In the Q&A afterwards one audience member voiced all of our doubts when he congratulated the speakers on their sterling efforts but asked whether there was the political will to see any of these initiatives through. And this, of course, is the sixty four thousand dollar question.
Hardly surprisingly, Professor Avery said that there was – but you have to wonder.
- No mention had been made throughout the evening of ‘big pharma’ who can have little genuine interest in reducing anyone’s use of drugs.
- And what of massive drug trial industry? As one speaker pointed out, our medical system is geared to the ‘gold standard’ Randomised Control Trials – but these are designed to test out the efficacy of drugs and are completely useless for any approach which does not use drugs – as alternative therapists have known for many years.
- And then the medical device industry (as in the pelvic meshes). Dr Hughes was concerned, no doubt with good reason, about conflicts of interest in the supply of devices. The numerous ‘scandales’ over the supply of PPE etc during COVID cannot leave anyone with too much faith in the integrity of the system.
- And all these aside, not only is there a massive amount of learning to be done but a serious change of culture is needed throughout the health service.

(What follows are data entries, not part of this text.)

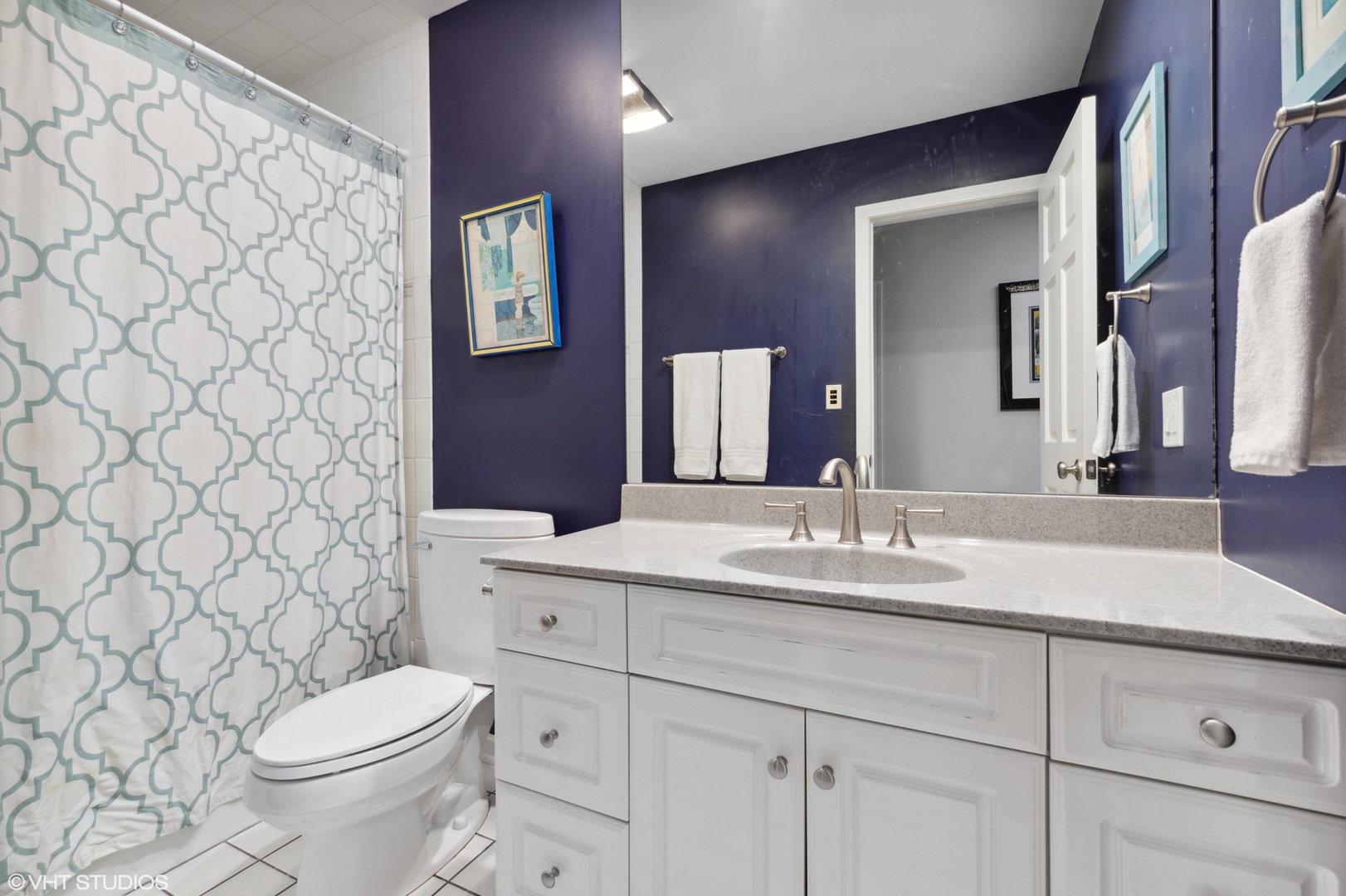 1041 Pontiac Road Wilmette, IL 60091 - Photo 21 of 33 a bathroom with a granite countertop toilet sink and mirror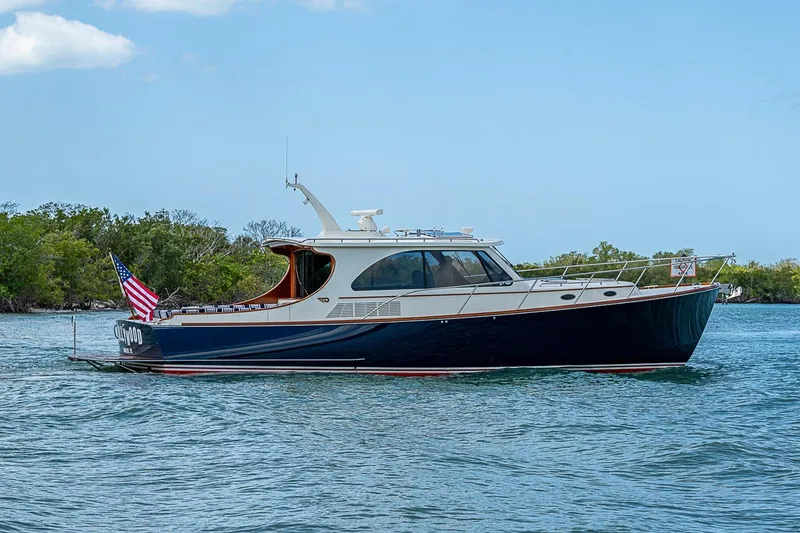 Slide: The Image of 2021 Hinckley Talaria 43 yacht cruising on a serene waterway with lush greenery. - 3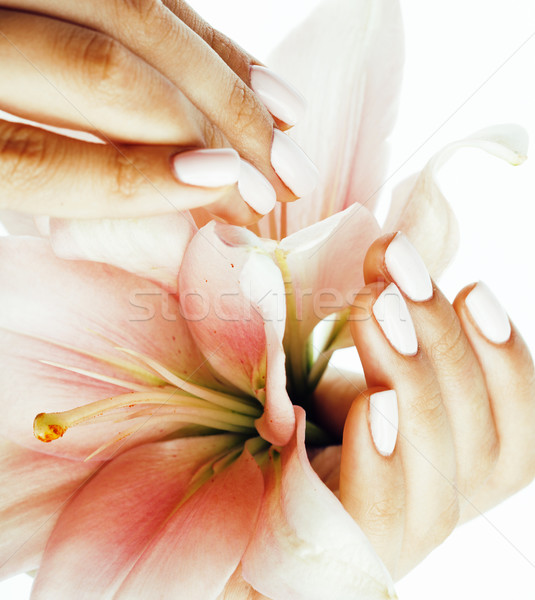 beauty delicate hands with manicure holding flower lily close up isolated on white Stock photo © iordani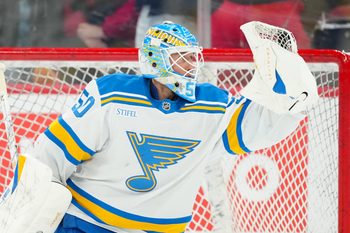 Mar 12, 2026; Raleigh, North Carolina, USA;  St. Louis Blues goaltender Jordan Binnington (50) looks at the puck in his glove during the warmups before the game against the Carolina Hurricanes at Lenovo Center. Mandatory Credit: James Guillory-Imagn Images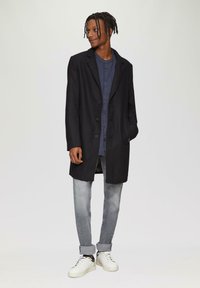 Schwarzer Mantel mit Reverskragen, Knopfverschluss und zwei Taschen, getragen über einem marineblauen Hemd mit Knöpfen und hellgrauen Jeans mit umgeschlagenen Säumen.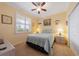 Cozy bedroom featuring a ceiling fan, bedside lamps, and window with shutters at 9839 Nostalgia Pl, Englewood, FL 34223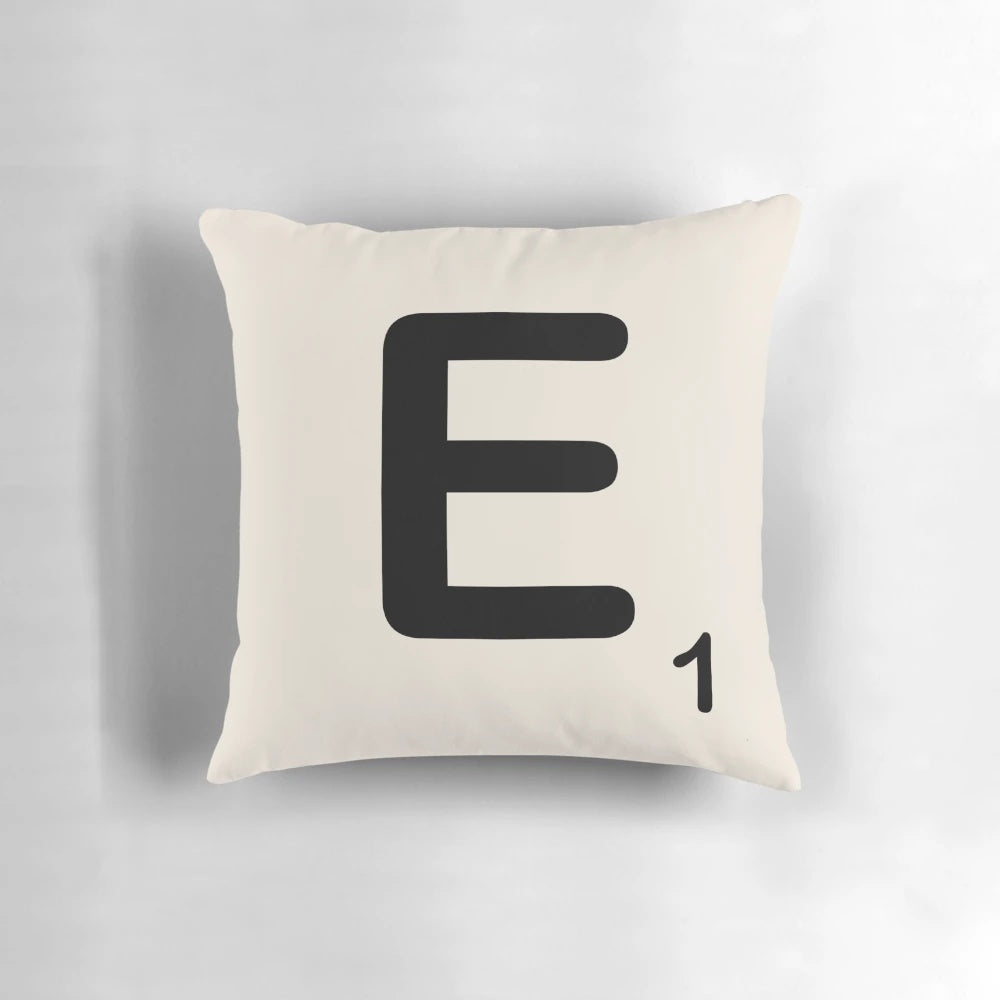 Scrabble tile inspired decorative throw pillow with letter E design, perfect for adding a fun, typographic touch to your home.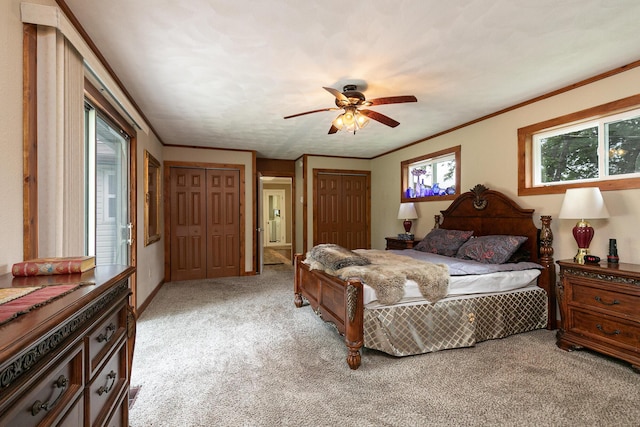 1104 E Buffalo St, Bolivar, MO 65613 - bedroom with light colored carpet, two closets, ornamental molding, and a ceiling fan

How is that to be brought about?
However, a small tug can move a massive ship and from little acorns mighty oak trees grow so let us welcome and support all of these excellent initiatives – and hope that the benefit that the government of the day may see in pursuing them will outweigh the drag effect of the medical industry whose profits cannot fail to be impacted.
Sarah Stacey
Thanks so much for writing this up. The efforts of the College of Medicine Beyond Pills Campaign (NB correct name – not ‘the Beyond Pills’) together with the many other organisations and individuals who are working so hard to support patients with integrated healthcare are already bearing fruit, in part by creating a network for health professionals to tap into – one GP said ‘we’ve known all this for 30 years but we’ve never had a hook to hang our hats on’. The Secretary of State has said publicly that he is ‘passionate about social prescribing’ and, while there is an enormous distance to go, the outlook is positive.
Michelle Berridale Johnson
So sorry about the name, Sarah – now corrected – and the delay. I had been waiting for the video.
It is certainly very encouraging that the Secretarry of State is so positive about the project – let us hope that future governments remain equally enthusiastic. If they do, there is indeed hope for the health service.
Micki
Lordy, how depressing. Forgive me if I don’t hold my breath, sadly.